A 2025 CSDS survey found 34 per cent of Keralites view the BJP as the “main opposition" as opposed to only 29 per cent for Congress. This suggests that a larger number of the Kerala electorate are seeing the BJP as the principal opposition, even though the saffron party has zero MLAs in the current assembly. It also suggests that many of these voters, who are traditional Congress voters, are splitting towards the BJP. By keeping the BJP politically active but contained, the LDF avoids a direct challenge from a resurgent Congress.
And for the BJP, Kerala becomes a gateway to the South, after it managed to open its account in Karnataka. Kerala represents the last southern frontier for the BJP’s expansion. A 2024 internal report of the BJP identified a dozen winnable seats, like Thiruvananthapuram and Thrissur, where traditional Congress voters, if they migrated to the BJP, would actually tip the scales. Softening CPM resistance also allows BJP-affiliated groups like the RSS to expand their activities in the state. Sangh Parivar organisations have launched 37 new schools and 14 cultural centres in Kerala since 2023, primarily in UDF strongholds. The Sangh runs the maximum number of ‘shakhas’ in Kerala, but the BJP has not been able to capitalise on this.
The Congress faces a catch-22. Accusing the LDF-BJP of collusion — as MP Shafi Parambil did recently — risks alienating minority voters who view the BJP as the greater evil. Yet, staying silent allows the narrative to fester; something the Congress can ill-afford. The party’s 2024 decision to be the fulcrum of the INDIA bloc nationally while fighting the LDF locally has created strategic confusion, both for its workers and its voters. The Congress is also a house divided with various camps owing allegiance to different satraps between KC Venugopal, VD Satheesan and K Sudhakaran. And now, Thiruvananthapuram MP Shashi Tharoor has also thrown his hat in the ring.
This isn’t Kerala’s first experiment with unlikely alliances. In 1969-70, the CPM tacitly supported the Congress breakaway faction to block the ideological mothership CPI. Ten years later, the CPI returned the favour by backing the Congress. But since the early 80s, politics in Kerala has oscillated between the Congress-led UDF and CPM-led LDF. However, contemporary dynamics differ due to the emergence of the BJP.

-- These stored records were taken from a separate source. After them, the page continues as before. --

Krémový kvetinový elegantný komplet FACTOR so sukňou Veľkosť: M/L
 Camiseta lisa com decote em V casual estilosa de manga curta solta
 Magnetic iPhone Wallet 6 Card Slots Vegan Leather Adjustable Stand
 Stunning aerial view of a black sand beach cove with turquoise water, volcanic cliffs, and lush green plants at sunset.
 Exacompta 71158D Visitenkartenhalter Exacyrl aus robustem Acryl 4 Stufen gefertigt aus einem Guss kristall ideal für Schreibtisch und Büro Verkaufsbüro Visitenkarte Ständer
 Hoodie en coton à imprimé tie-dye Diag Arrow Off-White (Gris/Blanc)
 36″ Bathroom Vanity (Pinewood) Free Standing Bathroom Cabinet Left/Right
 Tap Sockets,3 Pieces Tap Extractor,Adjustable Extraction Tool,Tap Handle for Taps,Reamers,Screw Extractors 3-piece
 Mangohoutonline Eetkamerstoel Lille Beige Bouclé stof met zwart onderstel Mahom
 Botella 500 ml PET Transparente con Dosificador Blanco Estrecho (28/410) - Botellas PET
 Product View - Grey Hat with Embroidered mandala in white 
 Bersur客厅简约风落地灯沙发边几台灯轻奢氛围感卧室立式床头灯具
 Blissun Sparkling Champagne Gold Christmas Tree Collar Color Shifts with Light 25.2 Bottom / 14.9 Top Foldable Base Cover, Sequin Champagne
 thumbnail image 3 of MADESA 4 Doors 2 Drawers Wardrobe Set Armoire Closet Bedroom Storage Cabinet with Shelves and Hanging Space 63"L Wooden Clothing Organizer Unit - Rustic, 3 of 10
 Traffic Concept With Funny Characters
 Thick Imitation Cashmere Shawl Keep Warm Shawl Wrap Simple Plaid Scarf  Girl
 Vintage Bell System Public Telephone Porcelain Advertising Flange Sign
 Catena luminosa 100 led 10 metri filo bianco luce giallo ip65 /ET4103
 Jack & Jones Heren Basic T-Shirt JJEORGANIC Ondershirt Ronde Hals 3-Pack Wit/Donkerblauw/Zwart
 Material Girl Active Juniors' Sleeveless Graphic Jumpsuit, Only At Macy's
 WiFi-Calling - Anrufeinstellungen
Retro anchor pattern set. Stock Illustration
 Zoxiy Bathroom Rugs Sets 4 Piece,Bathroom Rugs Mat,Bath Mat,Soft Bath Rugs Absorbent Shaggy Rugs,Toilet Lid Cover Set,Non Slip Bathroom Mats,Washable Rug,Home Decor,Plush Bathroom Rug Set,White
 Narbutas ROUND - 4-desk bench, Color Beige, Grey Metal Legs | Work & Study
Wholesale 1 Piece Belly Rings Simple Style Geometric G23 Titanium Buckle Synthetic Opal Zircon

The bigger fear for the CPM for its dalliance with the BJP is minority backlash, particularly among Muslims, which could lead them to abandon the LDF if it is perceived as BJP-friendly. The Social Democratic Party of India (SDPI) already gained 9 per cent vote share in the last local body polls, indicating this risk.
The chessboard is set. As Vijayan’s government walks the tightrope between fiscal pragmatism and ideological purity, Kerala’s political future may hinge on whether this undeclared entente between red and saffron evolves into a rainbow realignment — or collapses under its own contradictions. For now, the breakfast in Delhi has given both sides much to digest.